Estudios científicos independientes analizan cómo el cerebro humano transforma las notas de la música en emociones, un misterio que intriga a psicólogos y musicólogos desde hace décadas.
Siempre hay música. Los ritos en casi todas las religiones se subrayan acústicamente con canciones y, con ellos, las etapas vitales de millones de personas, desde su presentación en sociedad hasta su muerte. Equipos deportivos y enteros países condensan su identidad en una canción, que convierten en su himno oficial. La música lo marca todo, de lo más colectivo a lo más íntimo. Los enamoramientos, con “nuestra canción”. Las separaciones, con un tema de despecho o de melancolía. Las fiestas, eternamente ligadas al cante y el baile. Los cumpleaños. Las Navidades. Hay discos que quedan asociados a unas coordenadas emocionales y tienen el poder de llevarnos a un momento, un lugar o una persona. La música es uno de los elementos que más y mejor saben emocionar al ser humano. Lo que no se sabe muy bien es por qué.
Psicólogos y neurólogos llevan décadas intentando entender cómo percibe la música el cerebro, qué células y circuitos entran en juego. Si es un rasgo exclusivamente humano u otros animales, como los pájaros o algunos perros, son igualmente musicales. Si existen algunos ritmos universales o por qué la música en directo nos emociona más que la grabada.
Este mismo mes, tres estudios independientes han intentado arrojar algo más de luz sobre el tema. Sascha Frühholz, profesor de la Unidad de Neurociencia de la universidad de Zurich, es el autor principal de uno de ellos. Lleva años estudiando cómo se transmite la emoción a través del sonido, un tema que ha sido muy explorado, admite, pero en el que encuentra ciertas lagunas. “Apenas hay estudios que analicen la música en directo, y creo que es algo que todos sabemos a nivel personal, que en un concierto, sientes la música de forma más intensa”, explica en conversación telefónica.

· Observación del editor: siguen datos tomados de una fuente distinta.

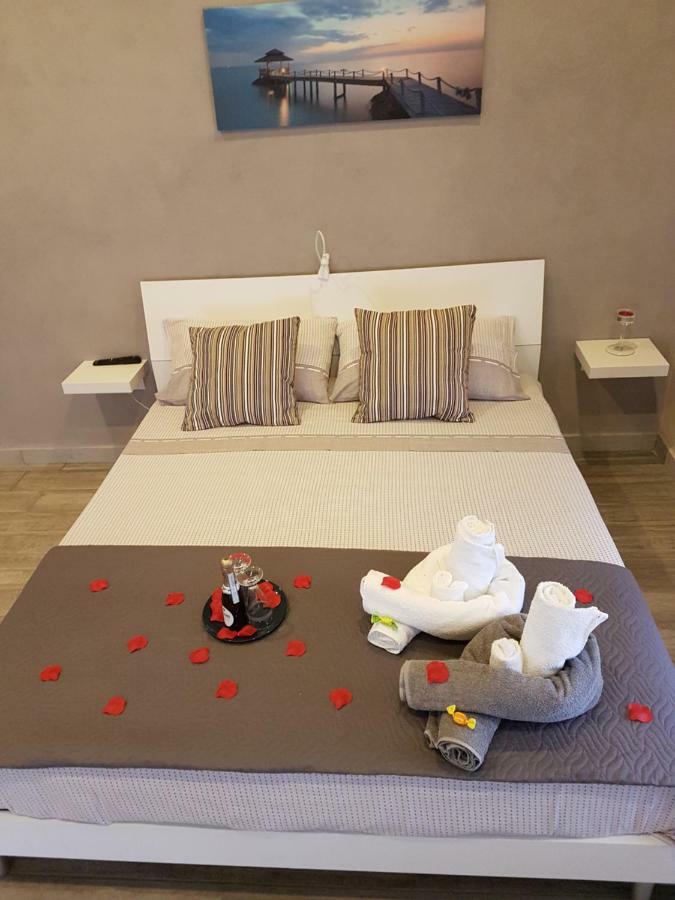 B&B A Maronn Ro'Carmin Наполи Екстериор снимка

“Los artistas suelen buscar esa conexión con el público”, explica en un intercambio de audios la psicóloga Rosana Corbacho, que lleva varios años especializada en tratar a músicos y otros profesionales del sector. “Hay que saber surfear esas olas emocionales para poder estar presente y abiertos a la conexión con el público. El estar sintiendo las mismas emociones o estar provocando ciertas emociones en un concierto es descrito como una de las experiencias más intensas en la vida de un artista”, reflexiona. Este sentimiento de pertenencia, de formar parte de algo, sirve como amplificador emocional, magnificando los efectos de la música en un público que reacciona al unísono ante un mismo estímulo. Es algo que se aprecia en los conciertos o discotecas actuales, pero que funcionaba igual en los ritos prehistóricos con música y baile frente al fuego. “Hay estudios donde se ve como al público que está bailando en un club una sesión de un DJ el ritmo del corazón se les sincroniza de alguna forma”, señala Corbacho. “Es como si nuestras neuronas bailaran al mismo ritmo”.
El siguiente estudio no tuvo lugar en un laboratorio suizo, sino en la selva boliviana. Allí llegó, después de días navegando por el Amazonas, un grupo de científicos para preguntar por ritmos, sonidos y musicalidad a la tribu de los Tsimane. Nori Jacoby, psicólogo del MIT, lideraba el experimento, que ha sido publicado en Nature. “Habría sido más cómodo hacerlo desde el sofá”, reconoce con sorna, “pero no fue así. Hicimos pruebas in situ con más de 900 personas de 15 países”. Muchas procedían de sociedades cuya música tradicional contiene patrones rítmicos distintivos que no se encuentran en la música occidental. Y se hizo un esfuerzo extra para buscar perfiles con poco acceso a internet para evitar que sus gustos musicales fueran demasiado homogéneos, explica Jacoby, que en la actualidad trabaja en Instituto Max Planck de Estética Empírica de Fráncfort.